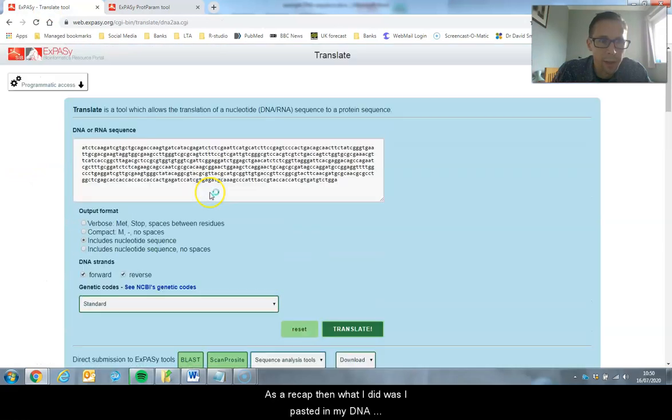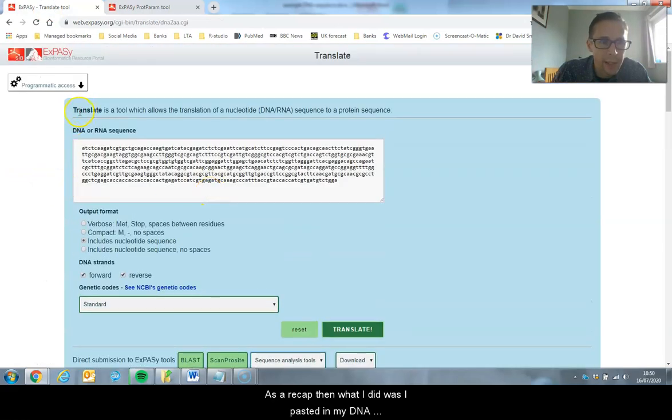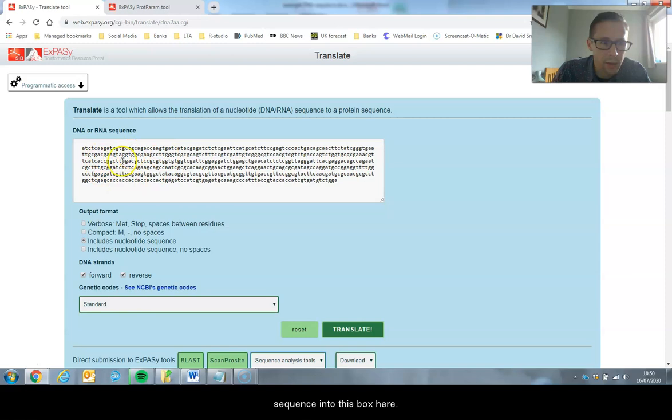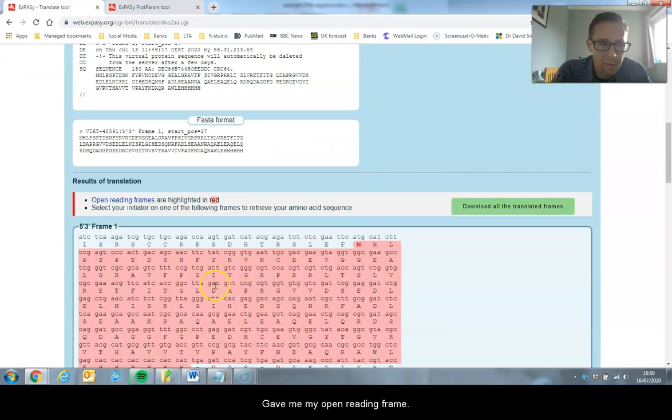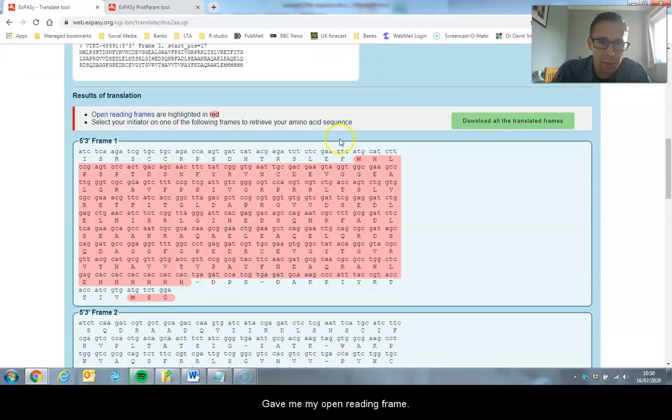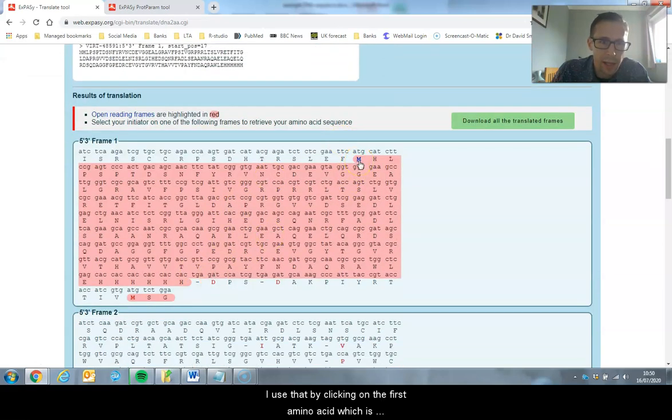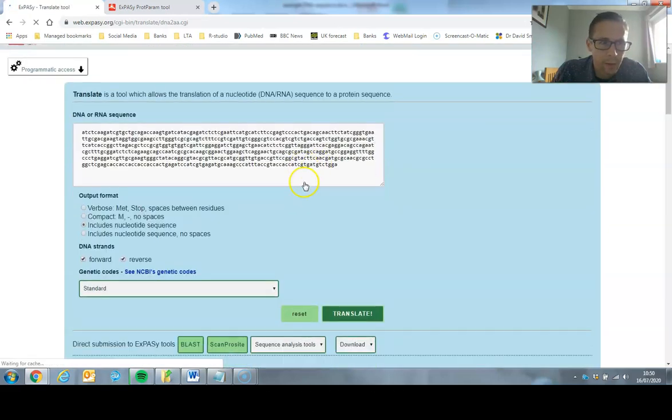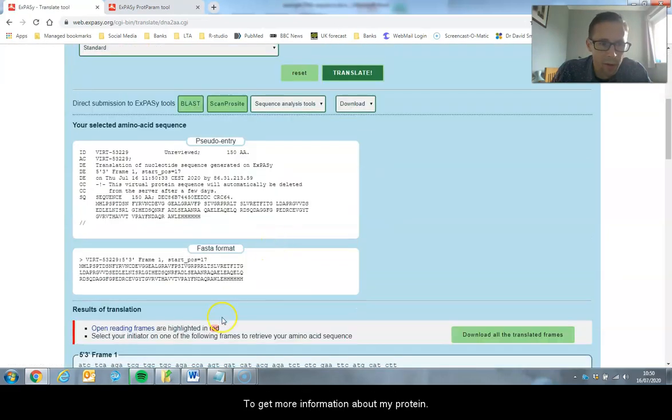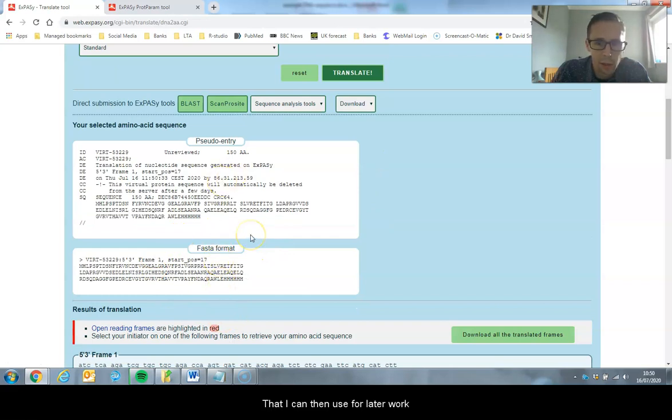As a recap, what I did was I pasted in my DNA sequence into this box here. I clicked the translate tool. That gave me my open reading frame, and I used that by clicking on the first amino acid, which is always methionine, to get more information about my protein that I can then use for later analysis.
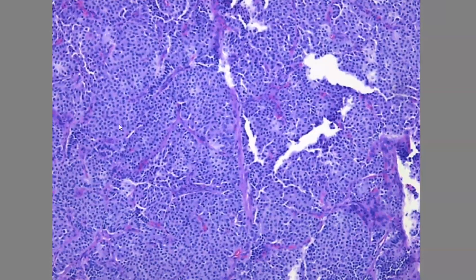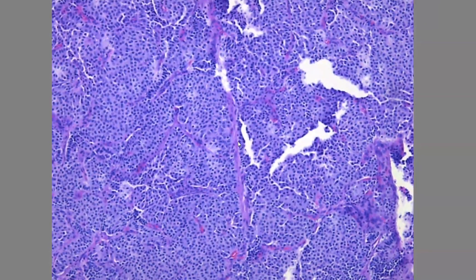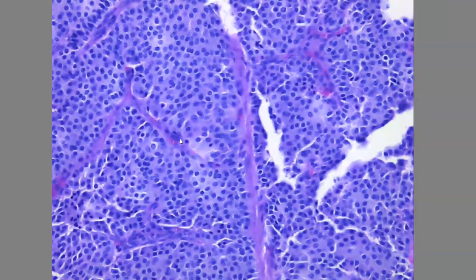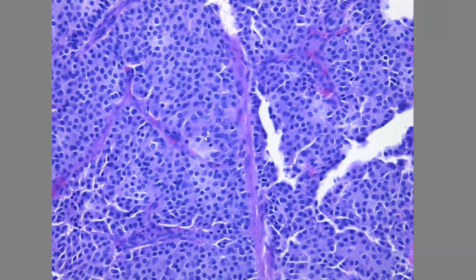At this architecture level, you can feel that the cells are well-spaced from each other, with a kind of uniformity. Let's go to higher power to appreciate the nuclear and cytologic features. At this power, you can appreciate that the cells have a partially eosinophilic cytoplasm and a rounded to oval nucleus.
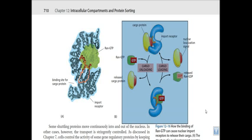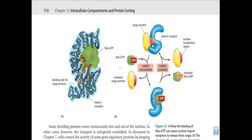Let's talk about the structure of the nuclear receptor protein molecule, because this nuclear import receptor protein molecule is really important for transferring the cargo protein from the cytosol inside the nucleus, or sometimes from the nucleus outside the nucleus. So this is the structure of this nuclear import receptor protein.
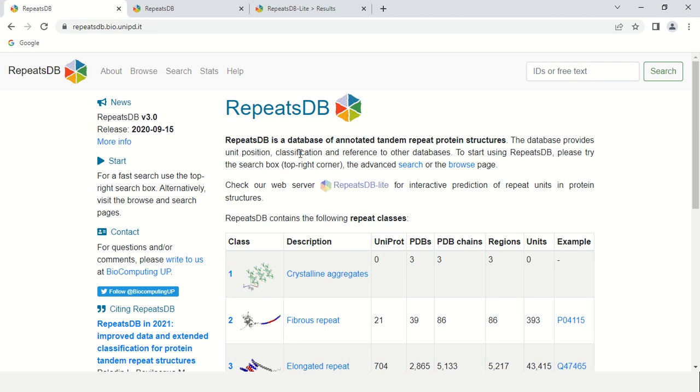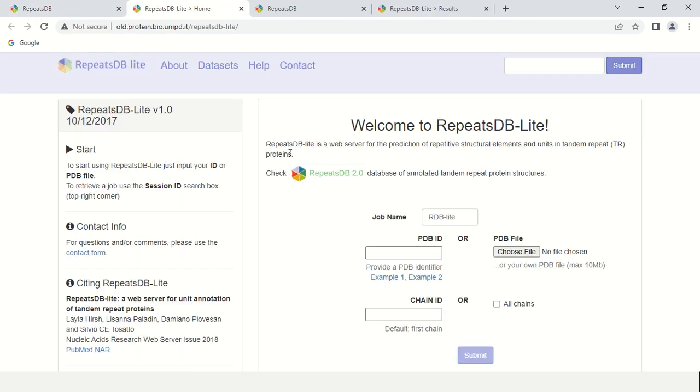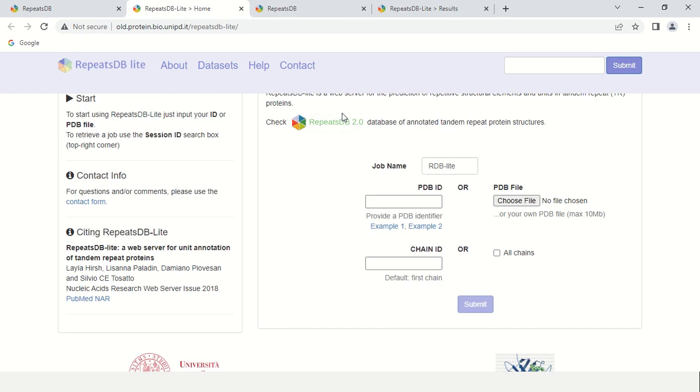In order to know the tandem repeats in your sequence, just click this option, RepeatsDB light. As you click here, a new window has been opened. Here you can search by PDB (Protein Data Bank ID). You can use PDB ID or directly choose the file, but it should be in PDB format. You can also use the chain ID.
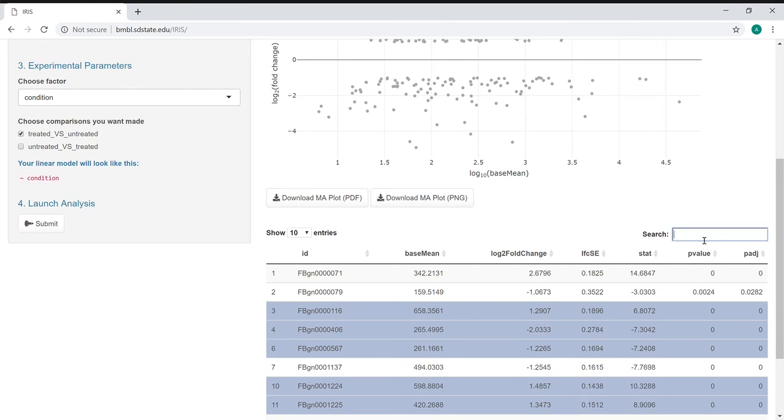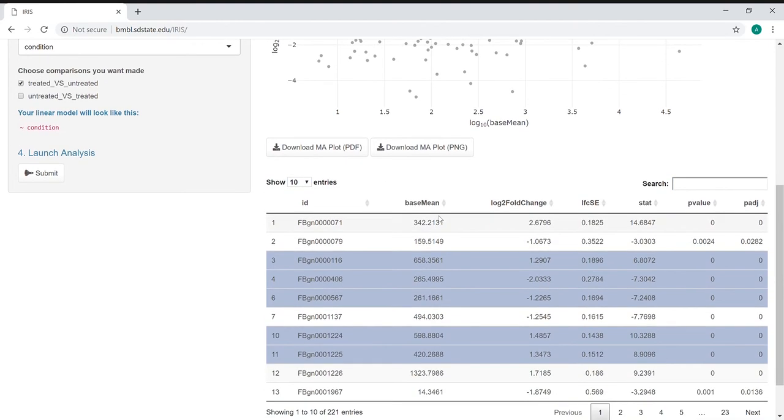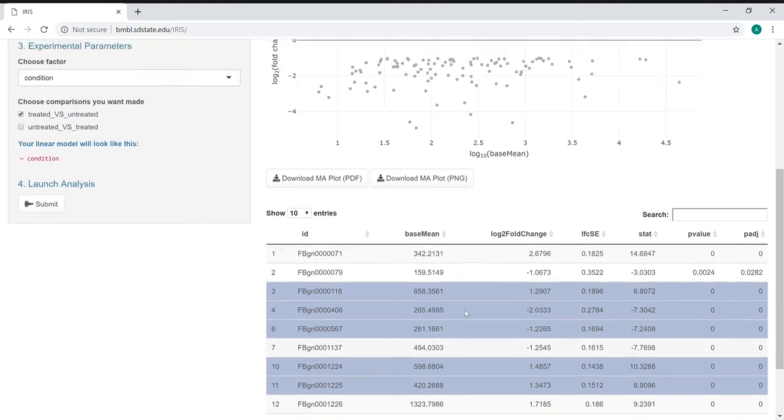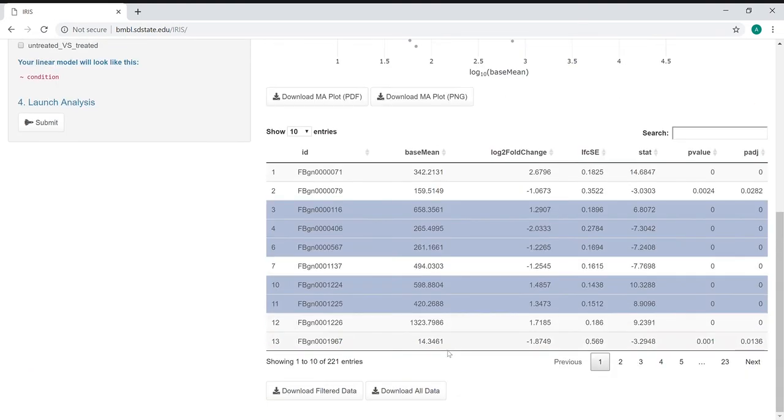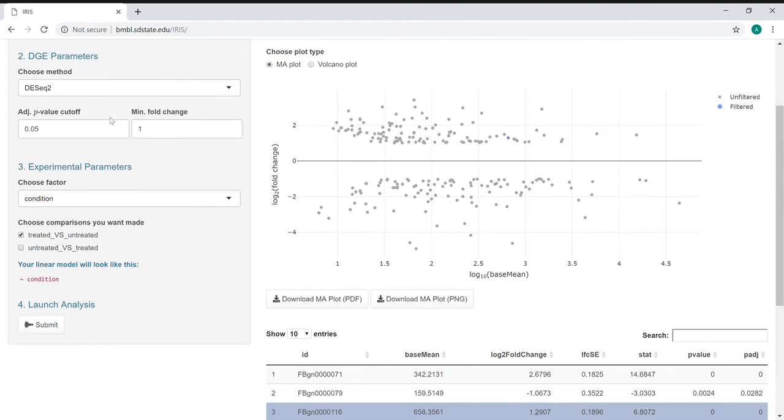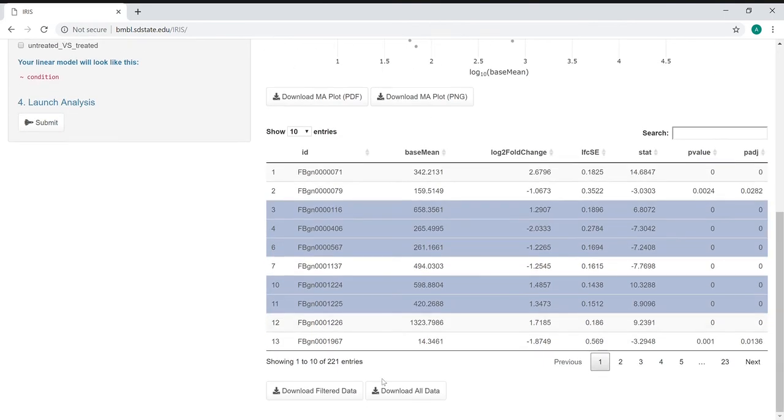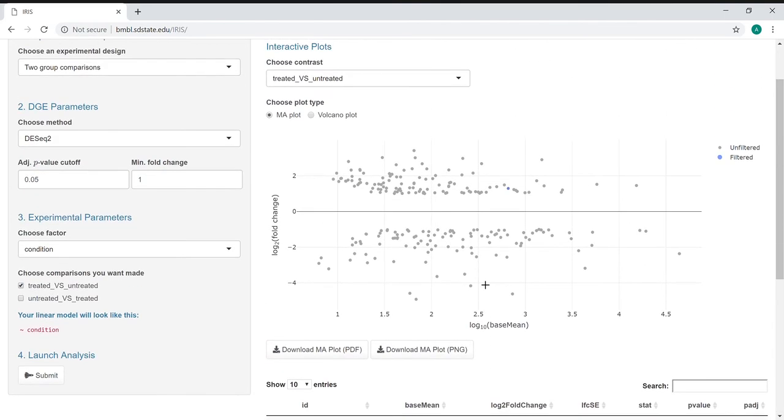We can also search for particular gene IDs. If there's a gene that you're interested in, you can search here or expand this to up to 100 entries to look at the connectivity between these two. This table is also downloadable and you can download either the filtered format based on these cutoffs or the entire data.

◆ ◆ ◆

__WORK REQUEST__. Please copy out from the data above, without any picture, exactly the lines running from the one that holds "At this architecture" through the one that holds "In order to", and nothing beyond them.

__EXERCISE RESPONSE__.
At this architecture level, you can feel that the cells are well-spaced from each other, with a kind of uniformity. Let's go to higher power to appreciate the nuclear and cytologic features. At this power, you can appreciate that the cells have a partially eosinophilic cytoplasm and a rounded to oval nucleus.
Let's talk about the structure of the nuclear receptor protein molecule, because this nuclear import receptor protein molecule is really important for transferring the cargo protein from the cytosol inside the nucleus, or sometimes from the nucleus outside the nucleus. So this is the structure of this nuclear import receptor protein.
In order to know the tandem repeats in your sequence, just click this option, RepeatsDB light. As you click here, a new window has been opened. Here you can search by PDB (Protein Data Bank ID). You can use PDB ID or directly choose the file, but it should be in PDB format. You can also use the chain ID.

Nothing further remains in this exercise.